Recap of 2016: A Year of Growth, Study and Action for IJAN

In late 2015, as we assessed the state of IJAN, we determined that building our projects and better supporting our partners would require growing our membership. We entered 2016 with a commitment to seed new chapters and increase our outreach through a national tour, open meetings, study groups, community rituals and more. Throughout the year, we saw the rewards of this work as new members began to organize with IJAN and people came together to discuss forming IJAN chapters in cities without one. In 2017, we will certainly continue to develop our membership, while beginning to re-focus our energy on action and analysis, especially in ways that respond to the monumental shift in the political context in the US. 

For now, we have compiled an outline of many of our projects and actions over the course of last year. Contact info@ijan.org with questions or interest in any of the efforts summarized below:

Bay Area Membership Development: Expanding Our Reach

In 2016, we increased our membership and developed our organizers. Part of that effort included a year-long outreach campaign in the Bay Area. We held an Open Meeting in Oakland that attracted more than 20 people. We formed a study group that lasted through the summer and explored the history of Zionism, the persistence of Palestinian resistance and anti-Zionist action today. After that, we made the 12-week curriculum public, so anyone could try the same study-into-action process that we took this past summer. Now, the participants from our summer study group support IJAN’s efforts by doing direct action, writing public statements and leading local projects.

Organizing Institute: Convening Our International Members

In October, we hosted an Organizing Institute in order to build our relationships and outline our strategy and tactics for the year ahead. We had fruitful discussions that led us to a clearer commitment to bringing an internationalist analysis to our movement work through writing, actions and organizing.

Legacies of Resistance Seder: Drawing From Our Past to Inspire Future Action

As we do every year, we hosted a community seder in Oakland, CA honoring our histories of participation in collective struggles for liberation and against persecution, repression, and genocide.

Stop the JNF: Urging the IRS to Revoke the JNF’s Charitable Status

On April 15th, Tax Day, we filed a legal complaint to the IRS against the Jewish National Fund. As part of the Stop the JNF campaign and in partnership with the National Lawyers Guild, we demanded the IRS investigate the JNF’s charity status – as the JNF is not a charity organization but an integral part of the on-going colonization of Palestine.

We also released a petition in support of the complaint that over 6,000 people signed. This was submitted to the IRS national office as well as hand delivered on Tax Day, April 15, 2016, to 5 IRS offices across the U.S.

In NYC, the Stop the JNF annual conference was picketed by hundreds of community members involved in American Muslims for Palestine and Al Awda NY and with representatives from the National Lawyer’s Guild, the International Jewish Anti–Zionist Network, Students for Justice in Palestine and Labor for Palestine. In Canada, the Stop the JNF campaign is preparing to file a similar complaint to its Charity Commission.
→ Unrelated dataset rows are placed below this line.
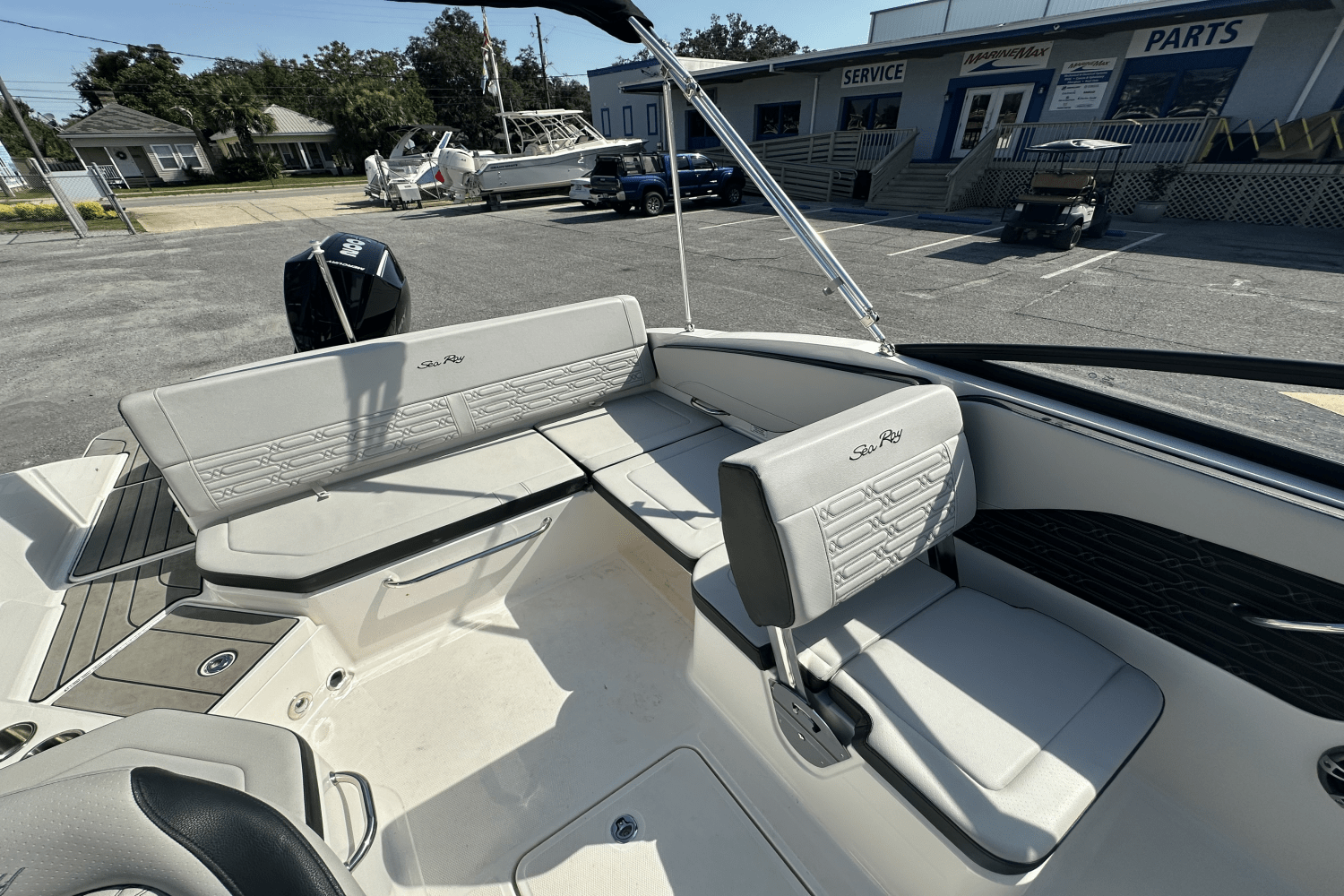 Slide: The Image of Sea Ray 21 SPX-OB 2024 - 31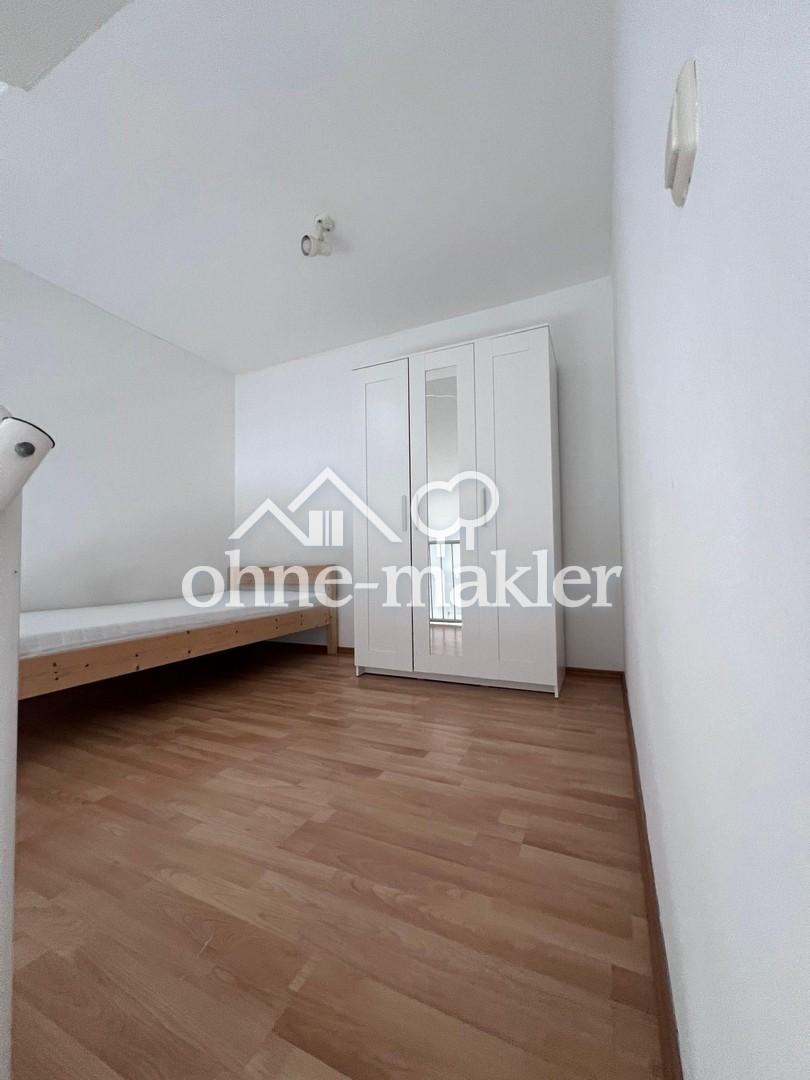 Von Privat: Studenten-Apartment, nur für Studenten/only for students! - Photo 2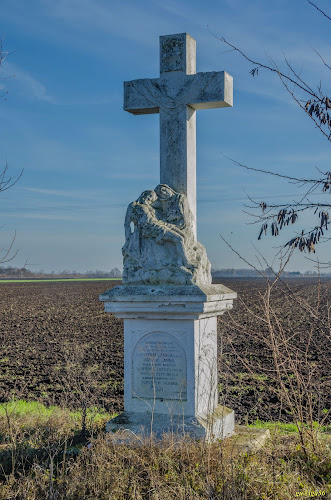 Pieta a Szentgyörgyi út bal oldalán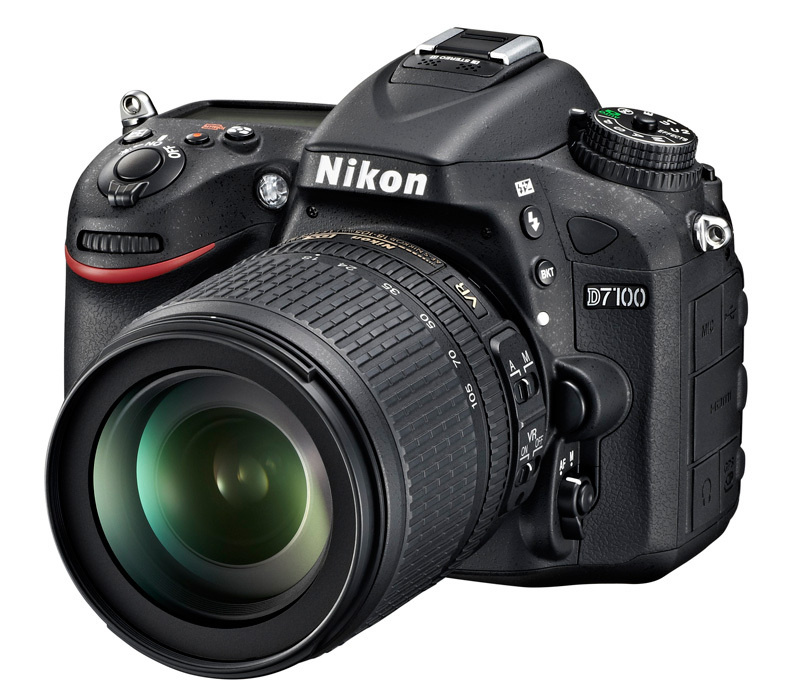 Зеркальный фотоаппарат Nikon D7100 Kit 18-105mm VR #1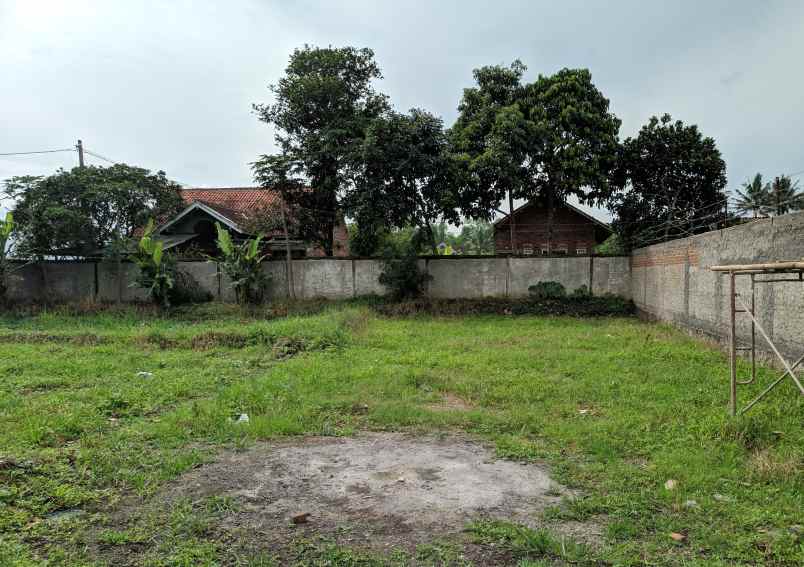 tanah jalan raya banyuresmi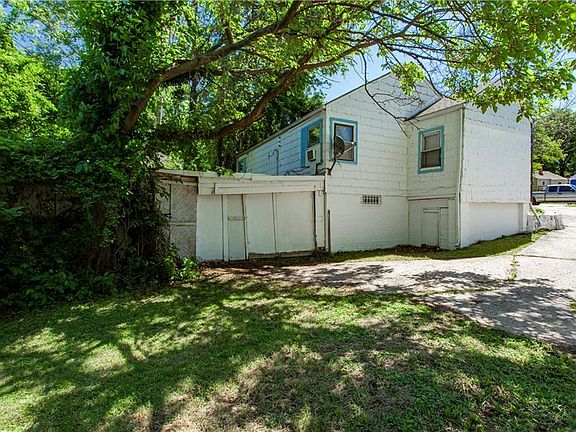 4th image of 2520 Haskell Ave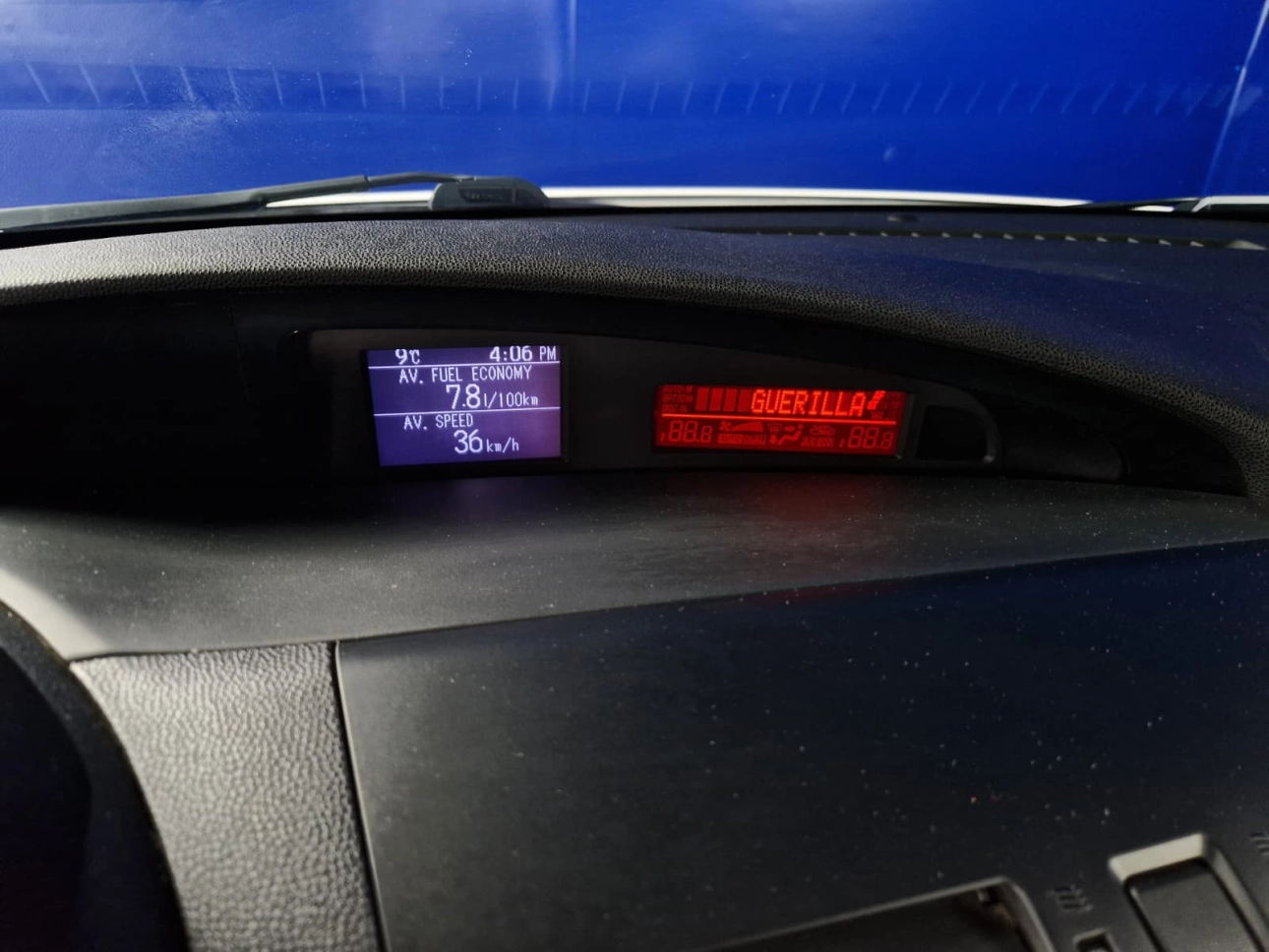 MAZDA 3 HATCHBACK 1.6i 105CP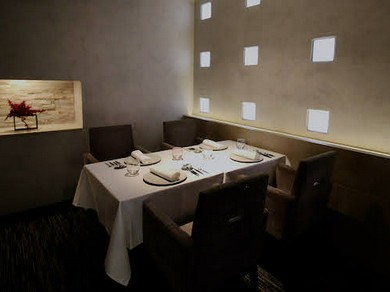 親密な時間が過ごせる完全個室、美食で大切なゲストをおもてなし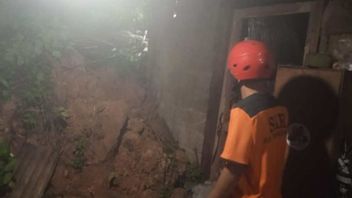 卡洛兰Temanggung Timpa Rumah的山体滑坡,1人死亡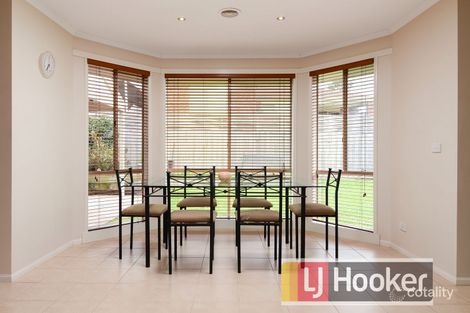 Property photo of 3 Nilufa Court Hampton Park VIC 3976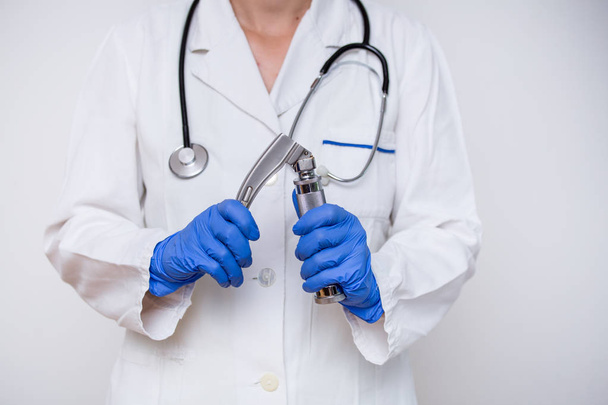 Médico de la mano sosteniendo laringoscopio, aislado sobre fondo blanco, espacio de copia
 - Foto, imagen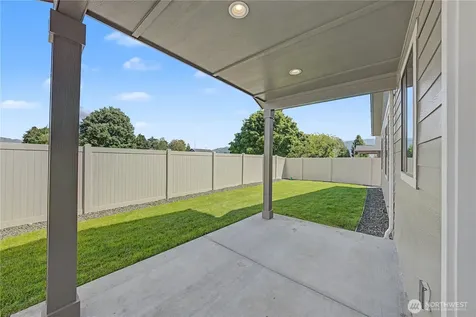 557 Perry Avenue East Wenatchee WA 98802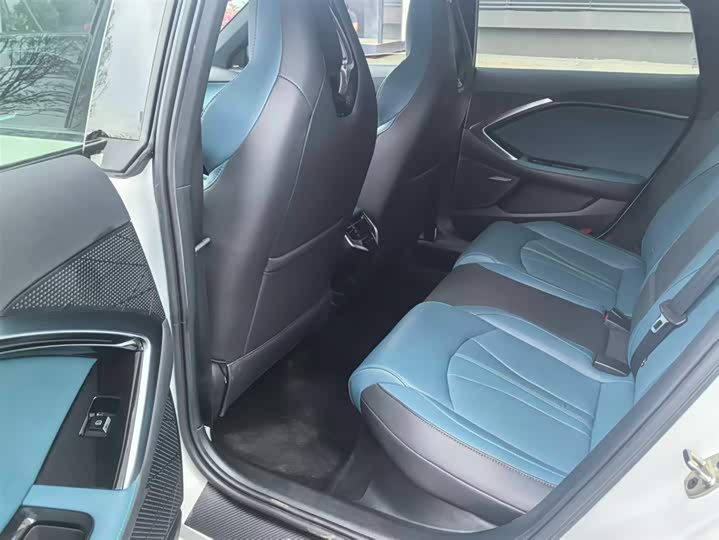 Фото 6 - MG Motor 7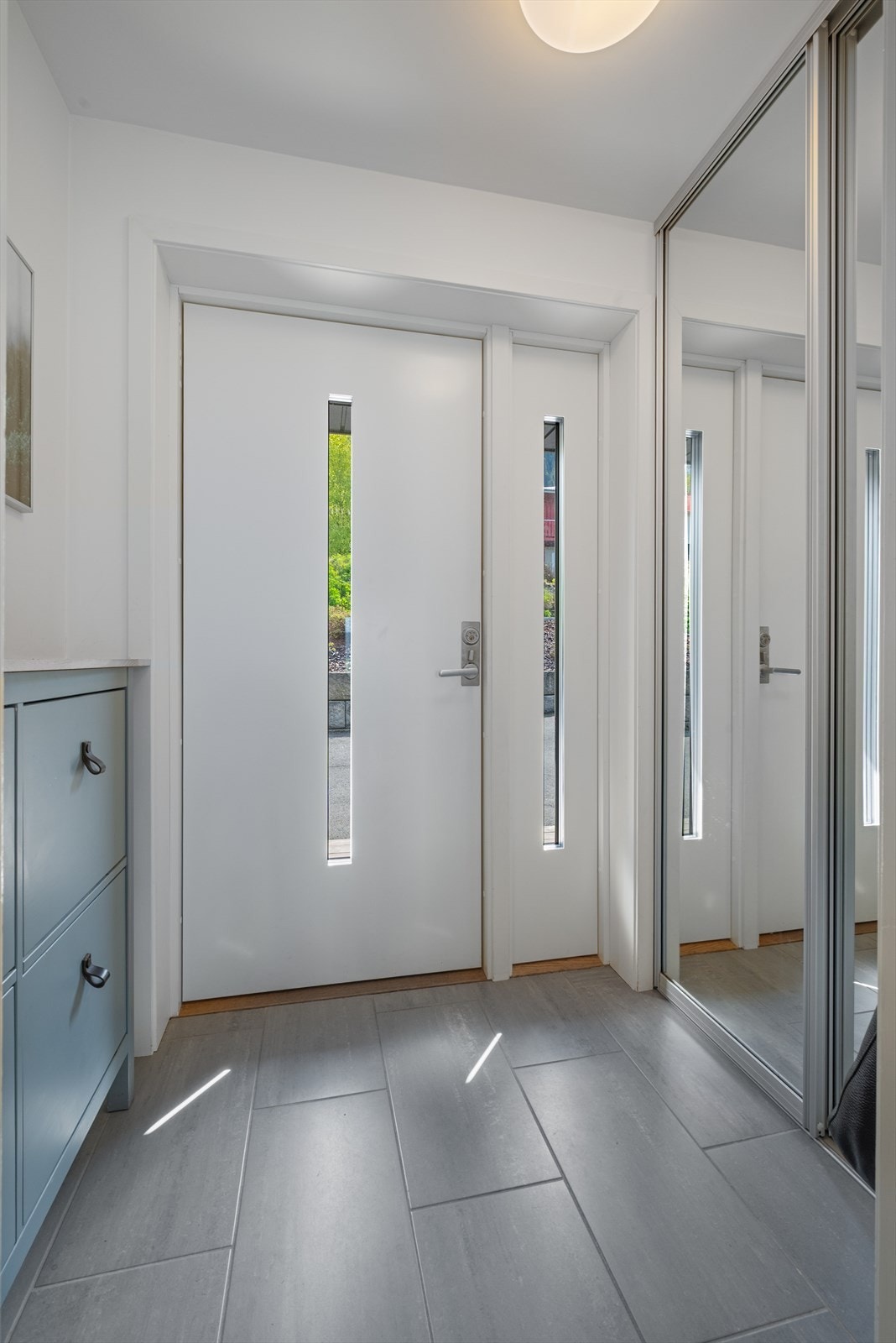 Entré med stor skyvedørsgarderobe for praktisk oppbevaring. Galleribilde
Stop Urban Shield: Direct Action Against Police Militarization

For the third year in a row, we worked alongside partner organizations in the Stop Urban Shield Coalition. Urban Shield is a heavily militarized law enforcement training and weapons expo hosted by the Alameda County Sheriff’s Department that brings together law enforcement officials, including Israeli officials who have previously facilitated training sessions that teach U.S. agents how to repress communities of color using the same techniques of surveillance, crowd control, and other tactics utilized against Palestinians. The ways in which U.S. police rely on the colonial, apartheid state of Israel and its occupation military as a model of racist repression provide us clarity as to why we must fight racism and colonialism together on a local, national and international scale.

Urban Shield is a manifestation of this intersection. Two years ago, the Stop Urban Shield Coalition celebrated a key victory when it forced Urban Shield out of Oakland, its original host city. This past September, Stop Urban Shield organized a mass mobilization in Pleasanton, CA, with several hundred people coming out to shut down and prevent Urban Shield from taking place in Alameda County,  or anywhere for that matter. The mobilization generated powerful momentum and garnered national and mainstream media attention for the fight against militarization in the form of racist policing.

This coalition is now harnessing this energy to push the Alameda County Board of Supervisors to review their role in hosting Urban Shield, its overall impact on county residents, and whether to allocate funds for militarized police trainings moving forward, or the community-led alternatives we need for the world we demand.